The original UNOISE algorithm was briefly described in Edgar & Flyvbjerg (2015). An improved algorithm was described and validated in Edgar 2016. The implementation in unoise3 and uchime3_denovo is quite similar to UNOISE2 except for a change in parameters for chimera detection, which I believe greatly reduces the number of false positives over the original parameters described in the UNOISE2 paper that were implemented in the earlier unoise2 and uchime2_denovo commands in usearch v9.
The algorithm is designed for Illumina reads, it does not work as well on 454, Ion Torrent or PacBio reads.

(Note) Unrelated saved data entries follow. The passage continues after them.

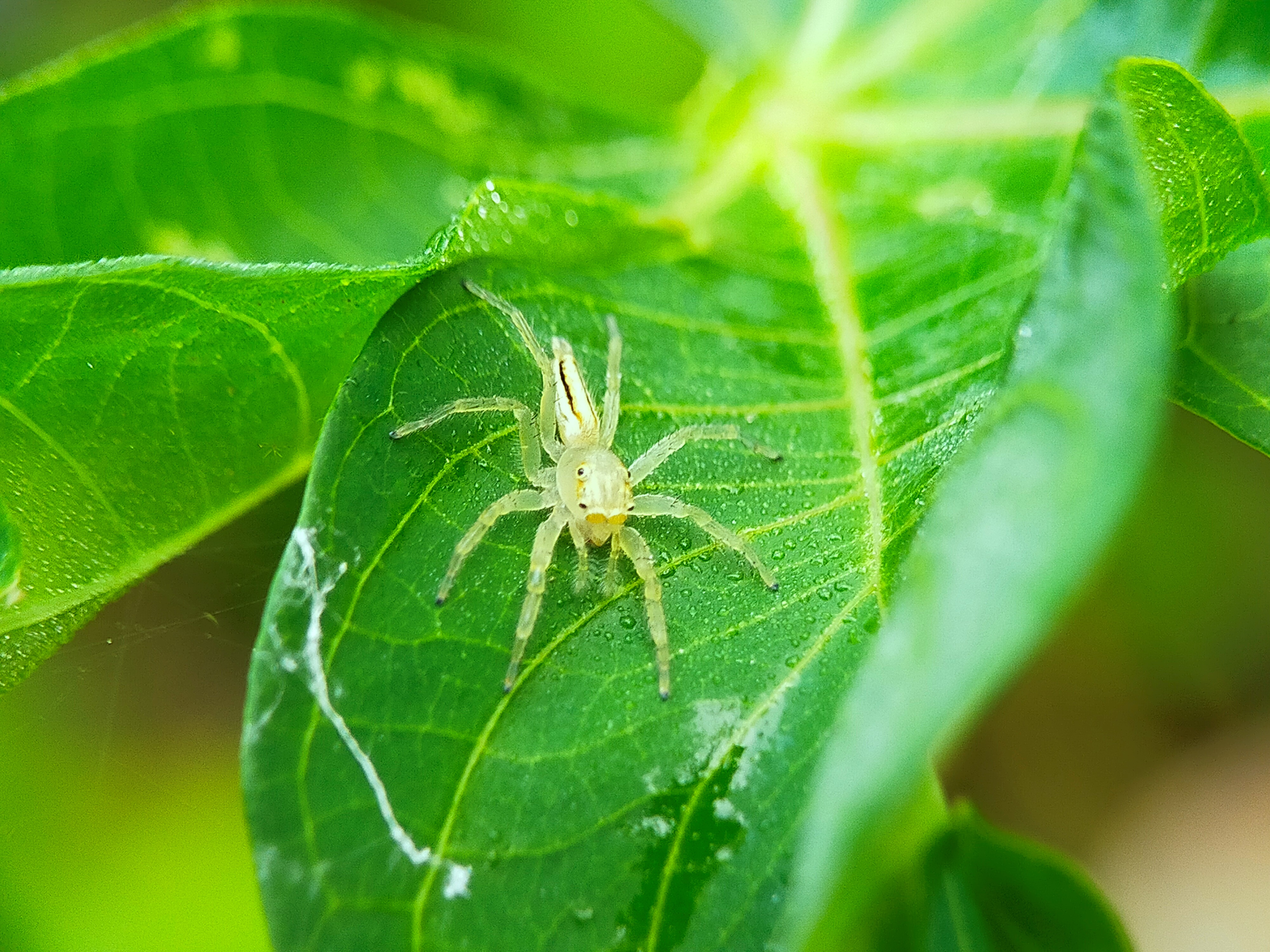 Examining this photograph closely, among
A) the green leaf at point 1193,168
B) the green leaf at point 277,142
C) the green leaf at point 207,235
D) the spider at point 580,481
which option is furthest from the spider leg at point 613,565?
the green leaf at point 1193,168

Correct biological sequences are recovered from the reads, resolving distinct sequences down to a single difference (often) or two or more differences (almost always).

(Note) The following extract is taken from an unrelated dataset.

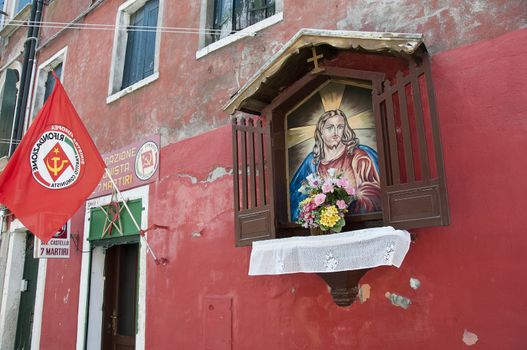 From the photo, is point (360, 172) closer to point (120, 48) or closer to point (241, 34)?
point (241, 34)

Errors are corrected as follows:
- Reads with sequencing and PCR point error are identified and removed.
- Chimeras are removed.
Schematic of the UNOISE2 denoising strategy (figure from the UNOISE2 paper).

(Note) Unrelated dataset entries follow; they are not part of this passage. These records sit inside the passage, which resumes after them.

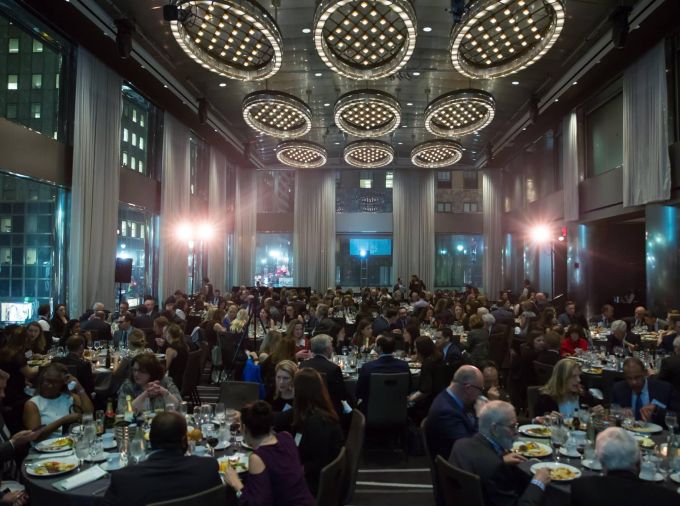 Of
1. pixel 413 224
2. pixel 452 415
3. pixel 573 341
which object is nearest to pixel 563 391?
pixel 452 415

The left panel shows the neighborhood close to a high-abundance unique read sequence X, grouped by the number of sequence differences (d). Dots are unique sequences, the size of a dot indicates its abundance. Green dots are correct biological sequences; red dots have one or more errors. Neighbors with small numbers of differences and small abundance compared to X are predicted to be bad reads of X. The right panel shows the denoised amplicons. Here, X and b were correctly predicted, e is an error with anomalously high abundance that was wrongly predicted to be correct, f is an error that was correctly discarded but has an abundance almost high enough to be a false positive, and g is a low-abundance correct amplicon that was wrongly discarded. The abundances of b, e, and f are similar, illustrating the fundamental challenge in denoising: how to set an abundance threshold that distinguishes correct sequences from errors.